I can honestly claim I was building web pages back in 1985 and before anyone retorts with “This is before Tim Berners-Lee” let me tell you I was an active member of Micronet800. I was at the beginning of HTML, back in the days when it was just for text. I am ashamed to say that I have only just started trying to use graphics in my website designs which have been functional, not artistic!
My websites have existed to provide a function, not an art gallery for my design skills. Anyway, enough excuses, let me get onto my handy tip that solved my biggest headache.
I found an excellent tutorial on how to create a design at csshowto.com. Following their steps, I came up with my own design and created a graphic for my top left logo.

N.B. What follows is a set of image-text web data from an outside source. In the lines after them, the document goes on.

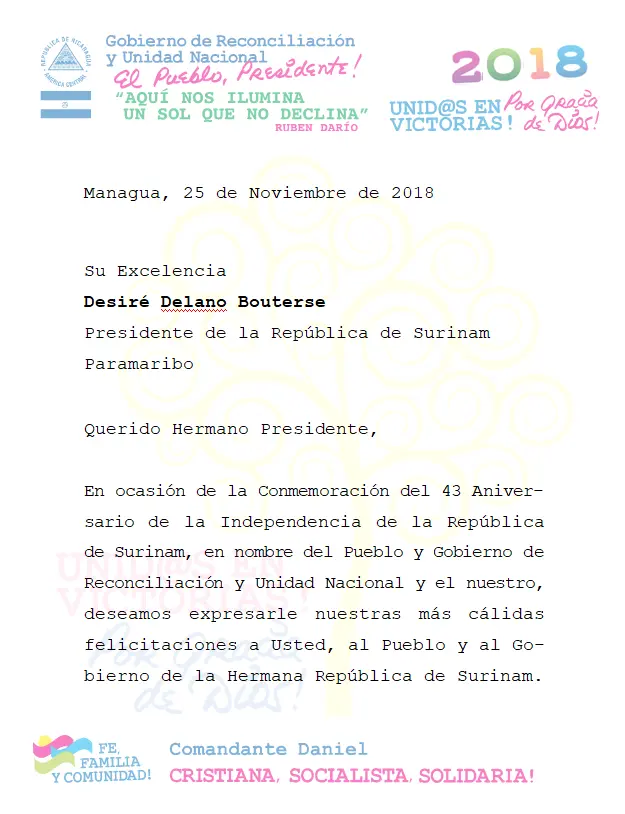 Daniel y Rosario saludan al Presidente de la República de Surinam en el 43 aniversario de Independencia de su pueblo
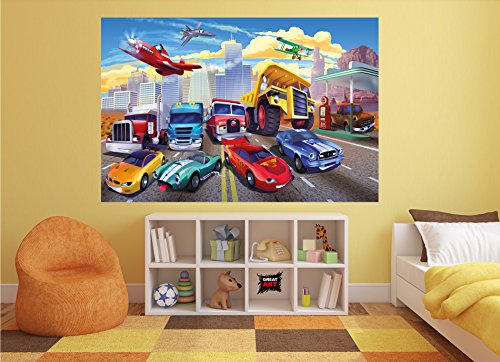 Great Art Kid’s Room Nursery Poster – Racing Car – Picture Decoration Airplane Cars Adventure Firefighters Sports Cabrio Comic Style Image Photo Decor Wall Mural (55X39.4In - 140X100Cm) #TOP6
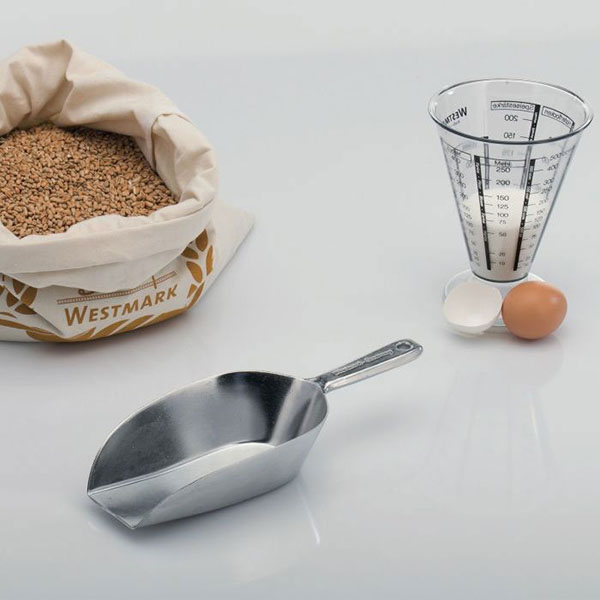 Совок для муки «Хигиа»;алюмин.;300мл;,L=25,B=9см;серебрист.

This is the first revelation. A new way of thinking for me. Normally I would have an image of just the logo, but the way to do it for a website is to include everything in the background, such as any borders that might pass through. Probably an obvious thing to do for web-designers. To my mind, I feel the need to be able to change the colour of my borders just by changing a single variable, and not having to rework a few JPGs.

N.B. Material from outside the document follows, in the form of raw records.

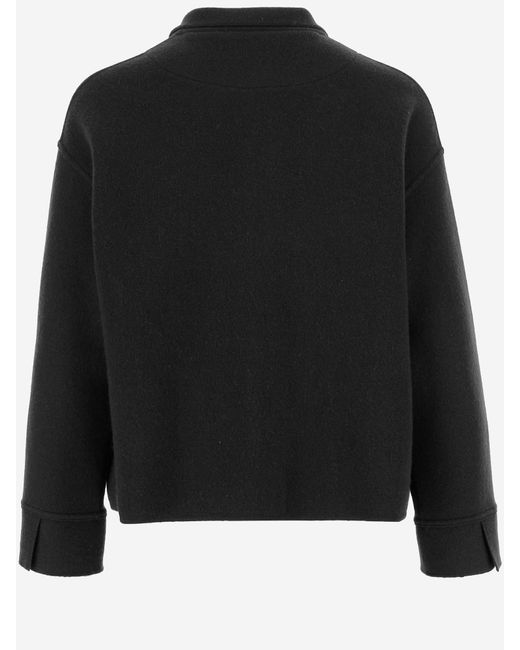 Bruno Manetti Black Wool Blend Jacket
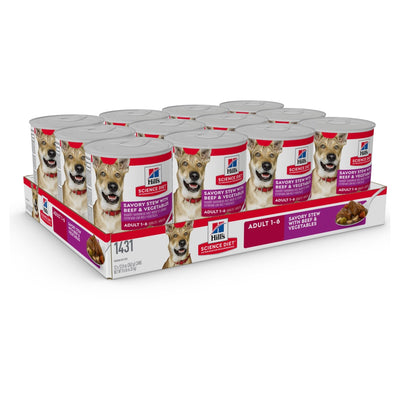 Hill's Science Diet Adult Savory Stew Beef & Vegetable Canned Dog Food 12x363g - Woonona Petfood & Produce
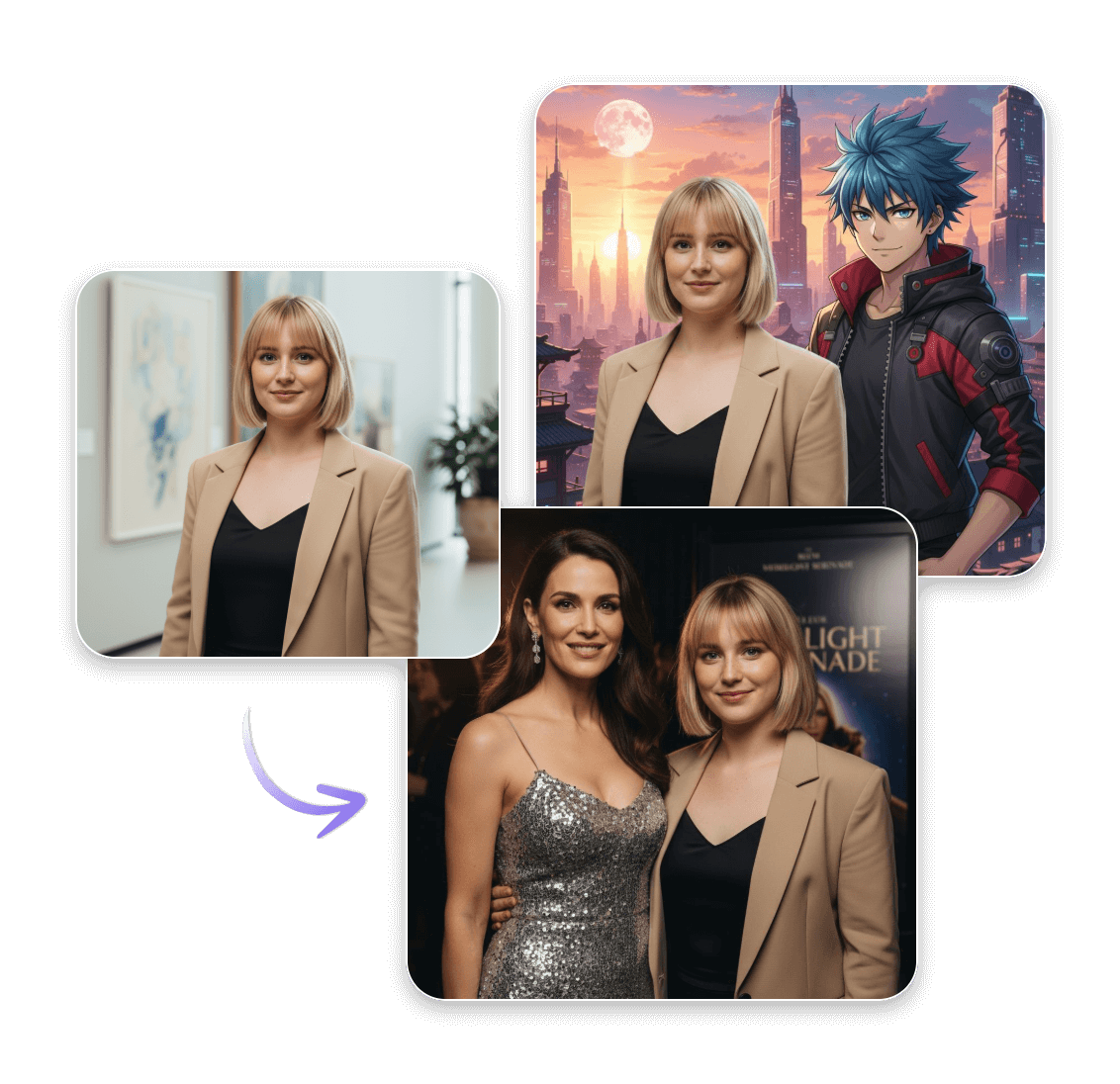 Add a photo of a lady to an anime character and celebrity picture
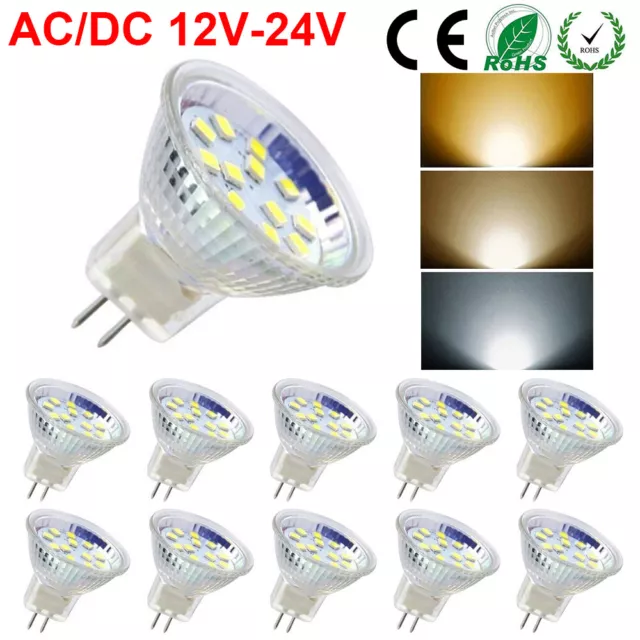 4/6/10 PACK LED MR11 Light Bulbs 3/5W AC/DC12V-24V 30/50W Halogen Replacement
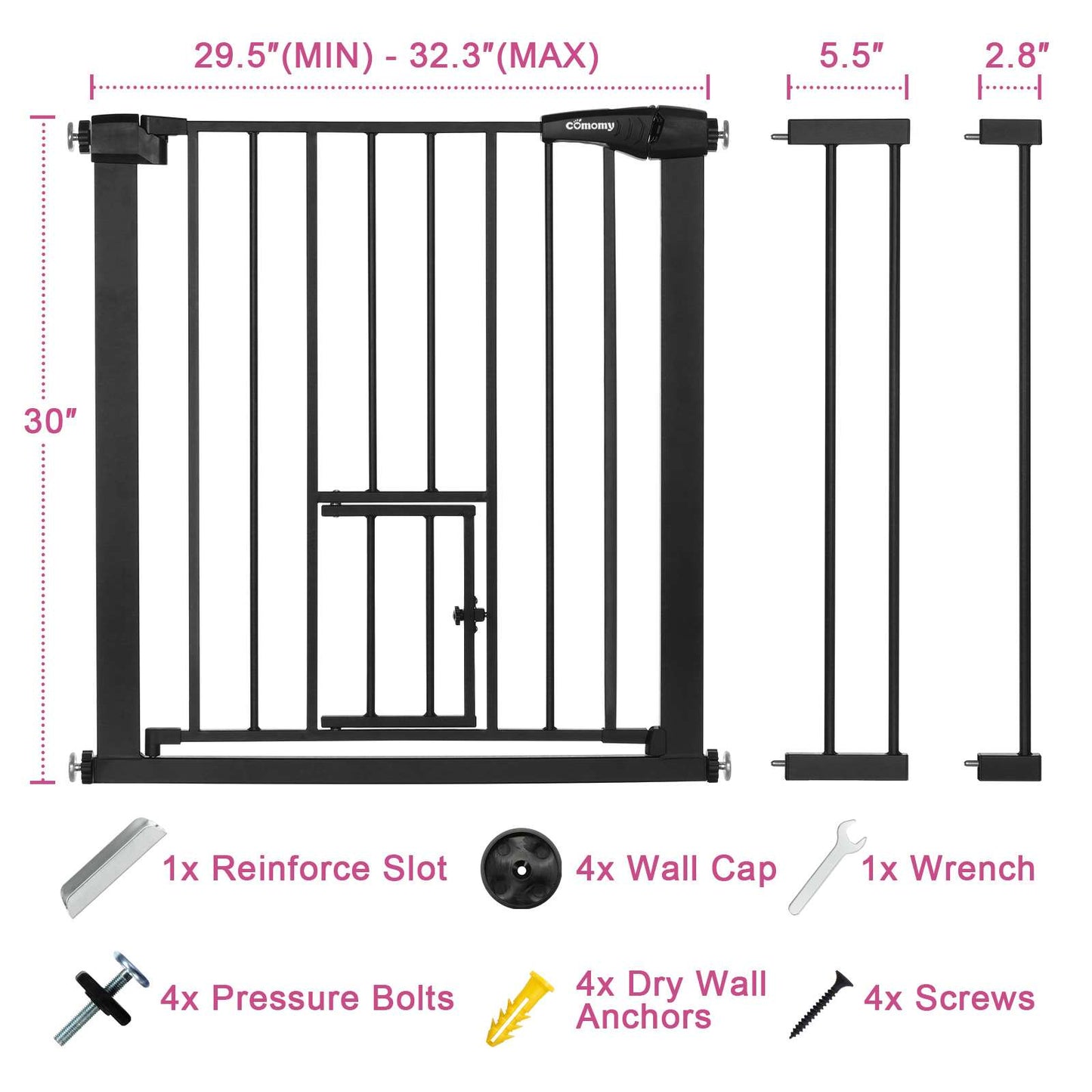 Pet Pressure-Mounted Gate Extra Tall & Wide w/2 Extensions, 90° Hold Open, Auto Close, & Pet Gate Withing the Gate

I then struggled with alignment. Did the width measurement include padding, should I subtract the margins? I aligned some using trial and error, but then others fell out of place. It did not help that my CSS editor had a bug that mixed up the order of the margins.
I was on the verge of giving up but then by chance I discovered a setting, and everything fell into place. I have not seen this mentioned anywhere on any tutorial, but it really makes things easy for a beginner, and would probably help the experienced if things start going wrong.

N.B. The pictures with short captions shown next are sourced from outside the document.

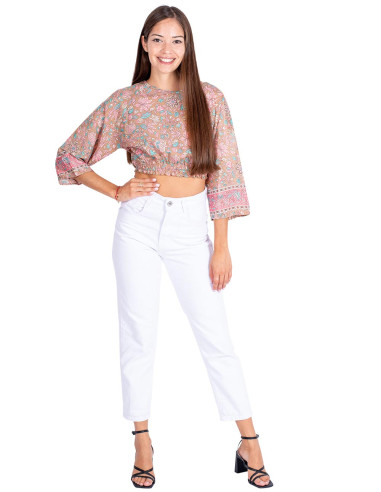 Haut court beige imprimé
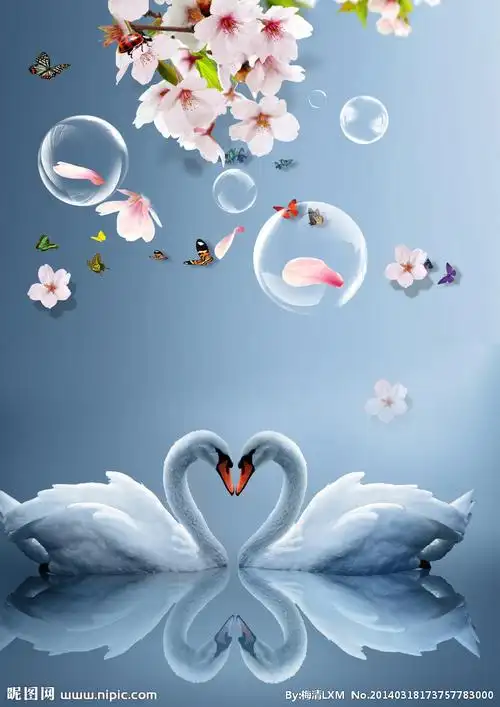 天鹅设计图__风景_psd分层素材_设计图库_昵图网nipic.com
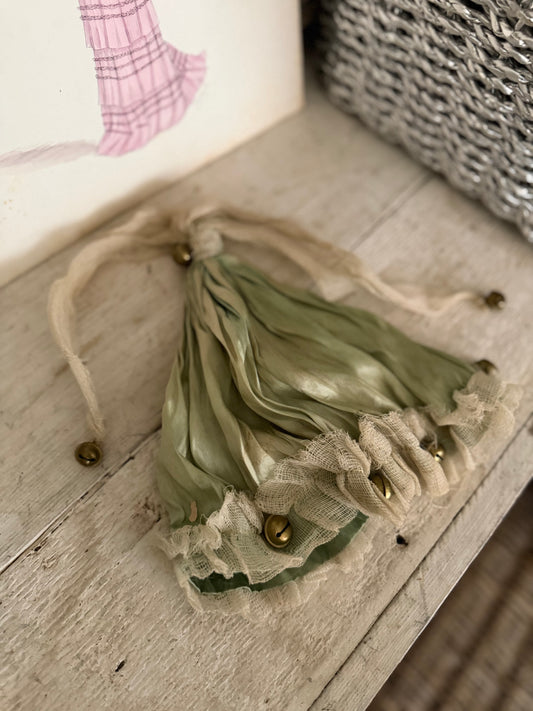 Antique French Green Silk Jester Costume Hat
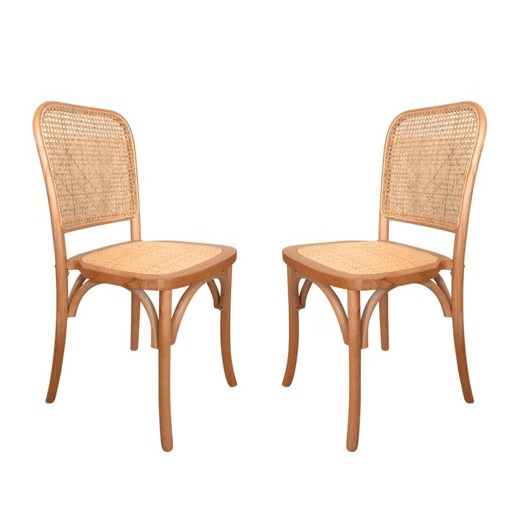 Conjunto de 2 cadeiras de jantar Toscana Rattan - Transparente 44,5 x 87,5 x 40,5 cm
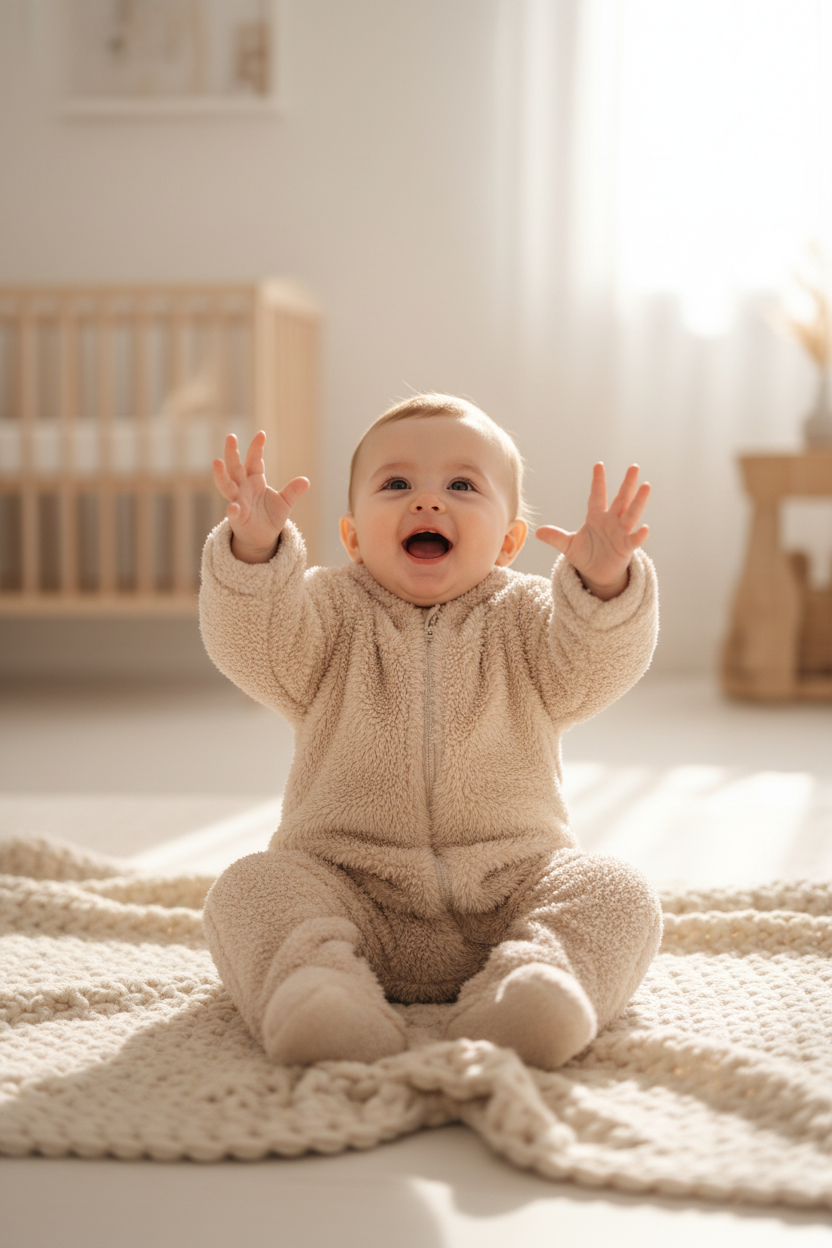 SUENTA Winterbody Bärenmotiv Baby Kuschelige Flanell Reißverschluss 0 Bis 36 Monaten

TIP: Add an outline to your ID’s and you can see where they are aligning
In your CSS, add the command
border: thin dashed #0033FF;
Change the colour for different IDs and when you view your web page, it is easy to see where your sections actually are.
When I did this, I could easily see that I had miscalculated a width because I had either included or excluded padding. (If anyone knows of a useful chart that shows the margin, padding, width relationship, I will be grateful). My other big mistake was on my logo, I had allowed 5 pixels of background outside the border but not allowed for that elsewhere. It was so obvious when I saw it with the dashed outline.